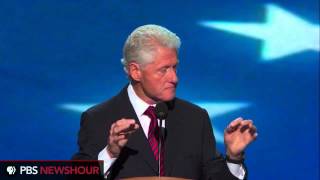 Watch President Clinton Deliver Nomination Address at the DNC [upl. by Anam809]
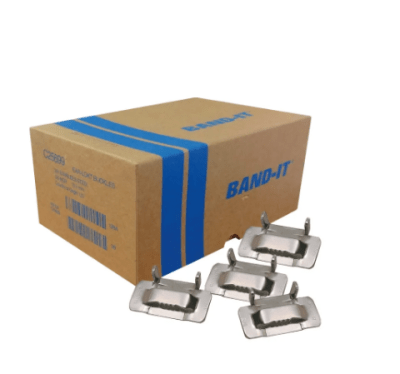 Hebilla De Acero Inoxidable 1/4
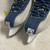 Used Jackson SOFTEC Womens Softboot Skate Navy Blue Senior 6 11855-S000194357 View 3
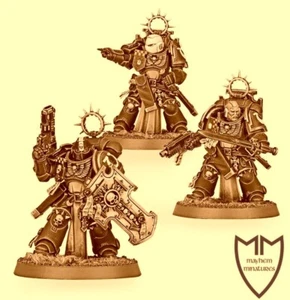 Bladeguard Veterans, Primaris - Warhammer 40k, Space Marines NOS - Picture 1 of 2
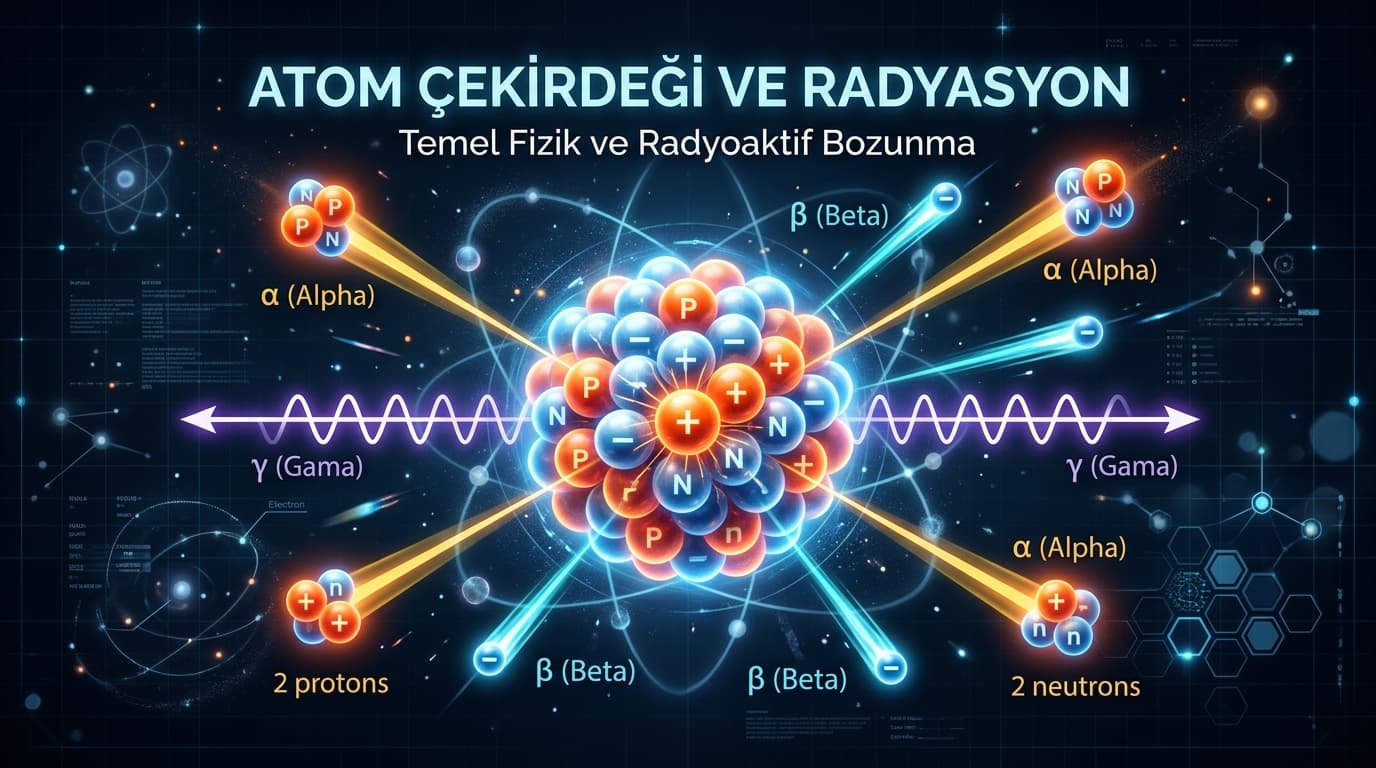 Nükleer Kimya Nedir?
--
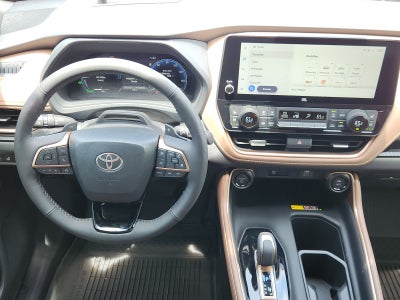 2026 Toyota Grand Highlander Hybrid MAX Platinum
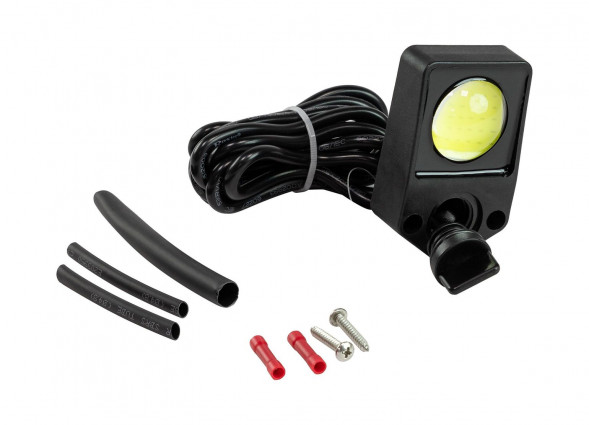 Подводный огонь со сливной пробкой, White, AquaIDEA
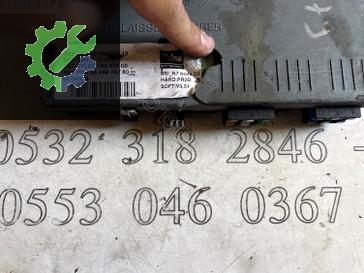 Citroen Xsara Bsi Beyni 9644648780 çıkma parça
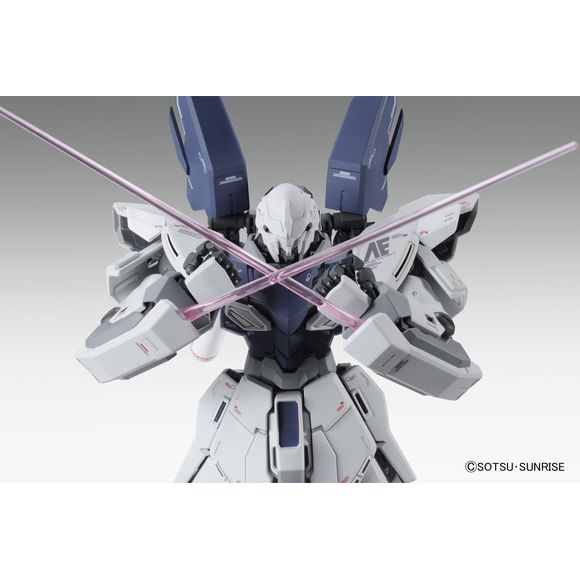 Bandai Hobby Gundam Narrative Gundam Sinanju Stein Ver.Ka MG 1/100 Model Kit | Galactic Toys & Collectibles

(Task description):
Above are the records; return the lines in them from the one with "Used Jackson SOFTEC" to the one with "Nükleer Kimya Nedir?", inclusive, exactly and without images.

(Task output):
 Used Jackson SOFTEC Womens Softboot Skate Navy Blue Senior 6 11855-S000194357 View 3
 Bladeguard Veterans, Primaris - Warhammer 40k, Space Marines NOS - Picture 1 of 2
 Nükleer Kimya Nedir?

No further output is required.